Friday, October 14, 2011

Open the Pod Bay Doors, Hal

Researchers have discovered that today’s vehicle computers are reasonably susceptible to hacker attacks. Without any special knowledge about the cars, researchers were able to take control of the door locks, disable the brakes and even stop its engine, among other things.

This is thanks to cars’ increasing dependency on computers to perform basic functions. Computer can now do everything from wipe the windshield to maintain tire pressure. Researchers say the typical luxury sedan just rolling off the assembly line has about 100 megabytes of code to control 50 to 70 computers inside the car.
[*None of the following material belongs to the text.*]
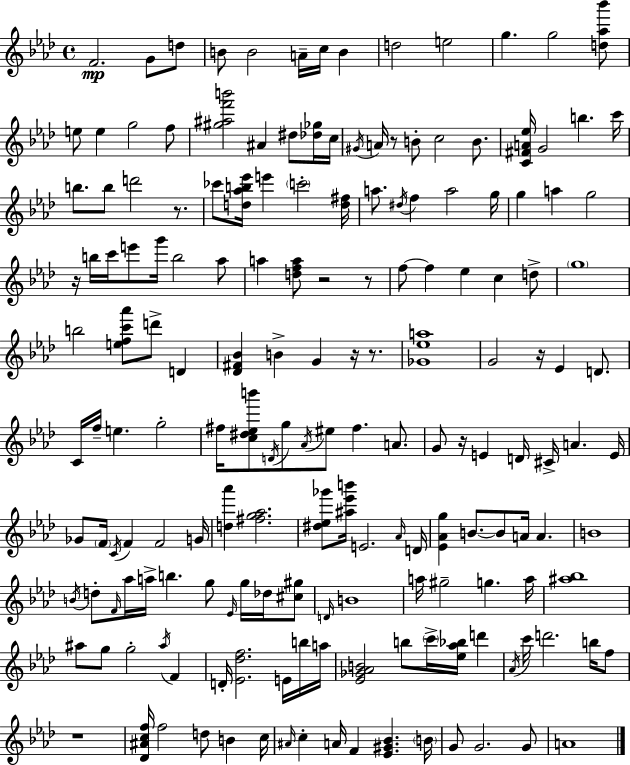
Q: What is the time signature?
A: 4/4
Some luxury cars have 100 million lines of software code, compared to only 1.7 million lines on a U.S. Air Force jet fighter.

Using homemade hacking software they dubbed "CarShark," Washington-San Diego researchers in lab and road tests "demonstrate the ability to adversarially control a wide range of automotive functions and completely ignore driver input – including disabling the brakes, selectively braking individual wheels on demand, stopping the engine, and so on," the researchers wrote.

Wonderful. So car hacking could turn into car jacking in the wrong hands. Picture being inside your car at an intersection someday and Mr. Thug standing next to your car can turn off your engine and unlock your doors. You are not in control - Mr. Thug and Mr. Computer are.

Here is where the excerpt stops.